Okay, that's good. As you are probably aware, this differs from [ReadableStreamDefaultControllerEnqueue](https://streams.spec.whatwg.org/#readable-stream-default-controller-enqueue). Are you planning to make that return a promise as well? It would be somewhat unfortunate to have two almost identical interfaces with subtly different semantics. It also affects performance, as I'll explain below.

> I'm not sure what you mean by "concurrent" here, since JS doesn't have concurrency except with web workers.

You seem to be thinking of *parallelism*. There is plenty of support for concurrency in a single node process, but no support for parallelism. See for example [this explanation of the difference](http://c2.com/cgi/wiki?CategoryConcurrency) between the two.

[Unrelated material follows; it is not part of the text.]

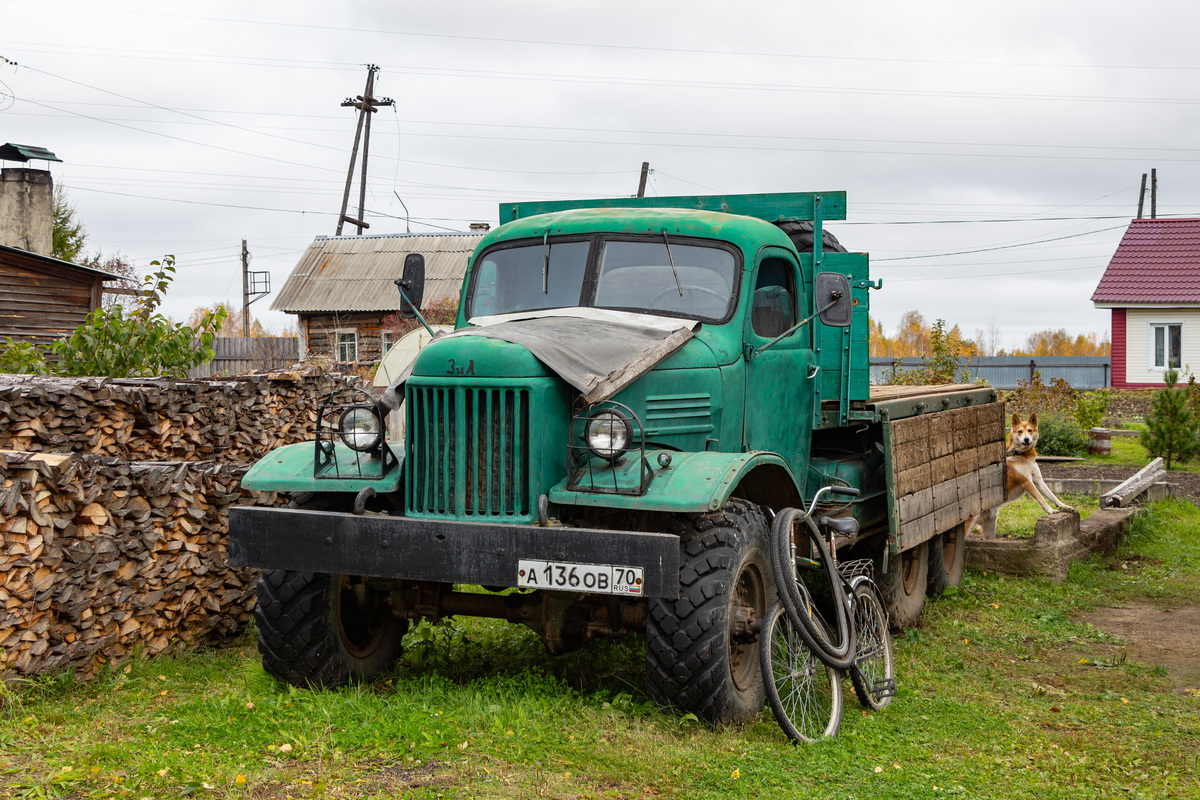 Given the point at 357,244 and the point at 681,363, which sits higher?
the point at 357,244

> Do you mean the transform enqueuing multiple chunks in response to one incoming chunk? Yes, that is definitely supported. But in rs.pipeThrough({ writable, readable }), readable already has a buffer we can use---one which is automatically drained if there are outstanding read requests (which is I think what you are referring to by talking about Promise.prototype.then()). So I guess the cost you are worried about is about putting an element in the array, then taking it out? I'm not really concerned about that, and it can be optimized away if necessary to just directly resolve the pending promise.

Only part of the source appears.